§ ABOUT THIS EXERCISE
Each line below must be reproduced exactly as it stands. Pictures stay out of the copy.

**** DATA PROVIDED ****

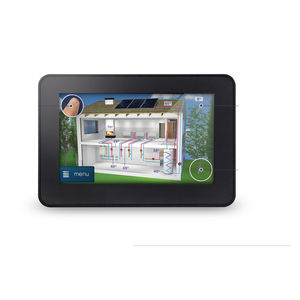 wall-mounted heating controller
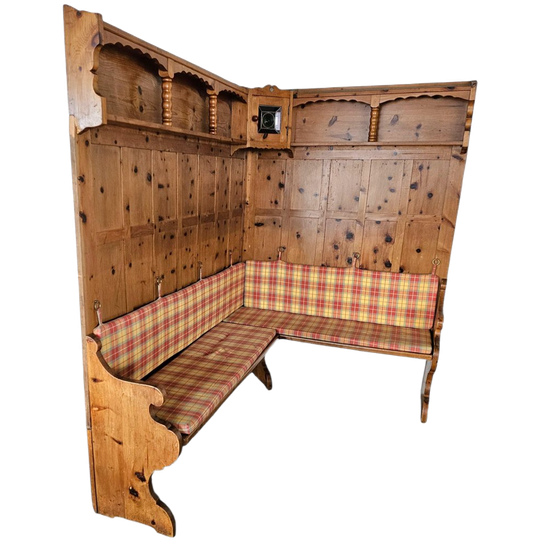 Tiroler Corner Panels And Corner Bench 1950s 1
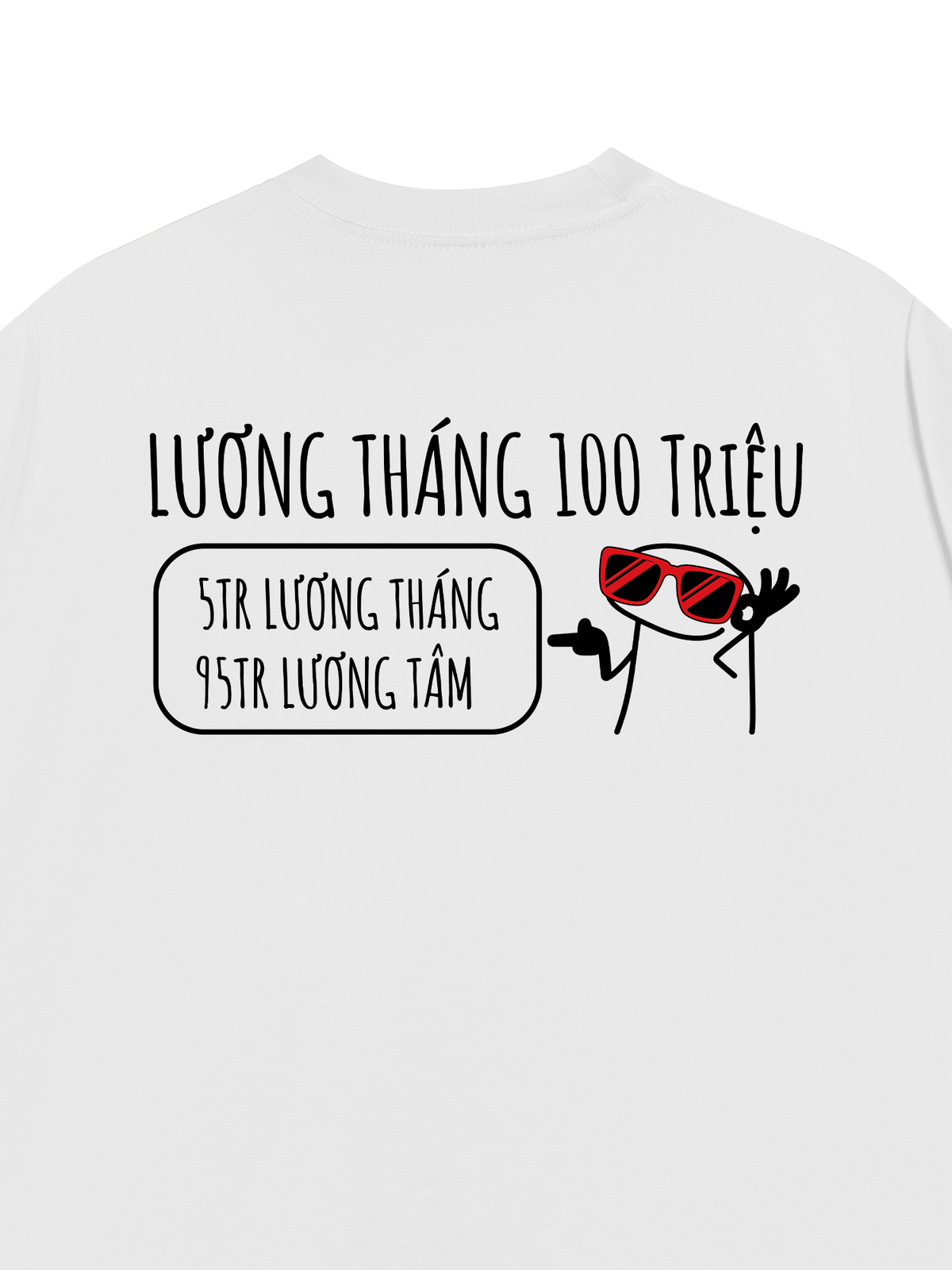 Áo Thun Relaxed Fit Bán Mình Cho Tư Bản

****

§ SOLVED PROBLEM
 wall-mounted heating controller
 Tiroler Corner Panels And Corner Bench 1950s 1
 Áo Thun Relaxed Fit Bán Mình Cho Tư Bản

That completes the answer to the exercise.